Search code examples
sqlpostgresqlmerge

Clean approach to achieving Merge functionality in Postgres, for when not matched by target/source


I attempted to use a MERGE statement in Postgres 16.2, and you can find the example below:

MERGE INTO schema1.target_table AS t
USING schema2.source_table AS s
ON t.id = s.id
WHEN MATCHED THEN
    UPDATE SET
        data1 = s.data1,
        data2 = s.data2
WHEN NOT MATCHED BY TARGET
    INSERT (id, data1, data2,)
    VALUES (s.id, s.data1, s.data2)
WHEN NOT MATCHED BY SOURCE
    DELETE;

While trying this query, I discovered that Postgres has supported the MERGE statement since version 15, but it does not support the "BY TARGET" or "BY SOURCE" statement, throwing this error:

SyntaxError: syntax error at or near "BY"
LINE 8: WHEN NOT MATCHED BY TARGET

In my search for cleaner alternatives to achieve the same result, I came across this helpful but old answer. While it worked perfectly, I find it a bit complicated to understand and would prefer to avoid it to keep my code as clean as possible.

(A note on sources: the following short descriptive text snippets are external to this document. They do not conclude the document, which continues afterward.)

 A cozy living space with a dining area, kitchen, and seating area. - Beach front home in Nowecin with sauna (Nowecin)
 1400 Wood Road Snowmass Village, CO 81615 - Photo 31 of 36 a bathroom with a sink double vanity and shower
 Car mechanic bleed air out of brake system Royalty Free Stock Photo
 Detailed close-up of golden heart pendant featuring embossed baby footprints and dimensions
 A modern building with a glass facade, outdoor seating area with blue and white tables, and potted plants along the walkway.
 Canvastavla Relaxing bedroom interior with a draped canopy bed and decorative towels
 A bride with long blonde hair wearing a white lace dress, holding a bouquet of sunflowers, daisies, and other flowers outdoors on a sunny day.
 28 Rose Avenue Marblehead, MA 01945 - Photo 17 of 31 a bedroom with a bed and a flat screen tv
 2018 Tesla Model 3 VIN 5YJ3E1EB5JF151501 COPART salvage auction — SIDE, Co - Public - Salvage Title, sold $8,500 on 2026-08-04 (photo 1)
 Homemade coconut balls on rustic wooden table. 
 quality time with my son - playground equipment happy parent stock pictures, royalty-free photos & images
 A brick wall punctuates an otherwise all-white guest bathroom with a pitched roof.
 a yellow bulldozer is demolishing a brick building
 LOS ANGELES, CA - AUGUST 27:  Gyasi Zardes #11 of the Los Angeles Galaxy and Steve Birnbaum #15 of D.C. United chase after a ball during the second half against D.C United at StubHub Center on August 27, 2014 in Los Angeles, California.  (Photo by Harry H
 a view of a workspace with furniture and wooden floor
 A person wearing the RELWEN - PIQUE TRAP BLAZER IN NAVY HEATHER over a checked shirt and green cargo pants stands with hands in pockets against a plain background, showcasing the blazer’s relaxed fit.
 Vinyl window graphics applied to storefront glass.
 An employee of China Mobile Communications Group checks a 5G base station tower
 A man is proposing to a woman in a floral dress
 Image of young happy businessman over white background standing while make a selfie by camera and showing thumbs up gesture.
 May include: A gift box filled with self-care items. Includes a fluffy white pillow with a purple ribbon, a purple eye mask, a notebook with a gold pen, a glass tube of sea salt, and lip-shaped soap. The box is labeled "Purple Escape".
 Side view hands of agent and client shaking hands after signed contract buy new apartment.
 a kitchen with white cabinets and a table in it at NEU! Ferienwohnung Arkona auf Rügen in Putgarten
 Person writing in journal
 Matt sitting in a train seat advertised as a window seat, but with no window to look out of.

Do you know of any way to achieve the same result in a cleaner manner?


Solution

  • You didn't say what's not clean about the old query, but here's an alternative: demo

    with cte as (
      delete from schema1.target_table 
      where id not in (select id from schema2.source_table) )
    insert into schema1.target_table
    table schema2.source_table
    on conflict(id) do update set data1=excluded.data1,
                                  data2=excluded.data2;
    

    The principle remains exactly the same: that's an old-school PostgreSQL upsert, with a CTE to fill in for the non-standard WHEN NOT MATCHED BY SOURCE extension found in Ms SQL Server.

    In the demo you can see there's effectively very little difference between them - if you tweak the sample size and reorder tests, it seems like any advantage of this here over the old one is down to noise. You can tweak both to instead do anti-joins, except, not exists (also leads to a hashed right anti-join), etc, depending on how your table's actually set up and indexed.

    Also, the two operations (delete+upsert) wrapped in a transaction are no different than gluing them together into a single statement, but the 2in1 is certainly cleaner and a bit more convenient to use. Safer if you account for being less prone to bugs related to concurrency.

    Demo also shows @MatBailie's immediate suggestion to truncate in a transaction is reliably faster than either of these. Be warned that while it's transaction-safe, it's not MVCC-safe.

    If you decide not to wipe&repopulate the table, you can consider adjusting your fillfactor storage parameter: by default it's 100, so your updates and inserts go to new pages. Making it 50 makes them half-empty and able to accept new (versions of) rows, in-place. I think the demo got 25% shorter exec times after adding that in.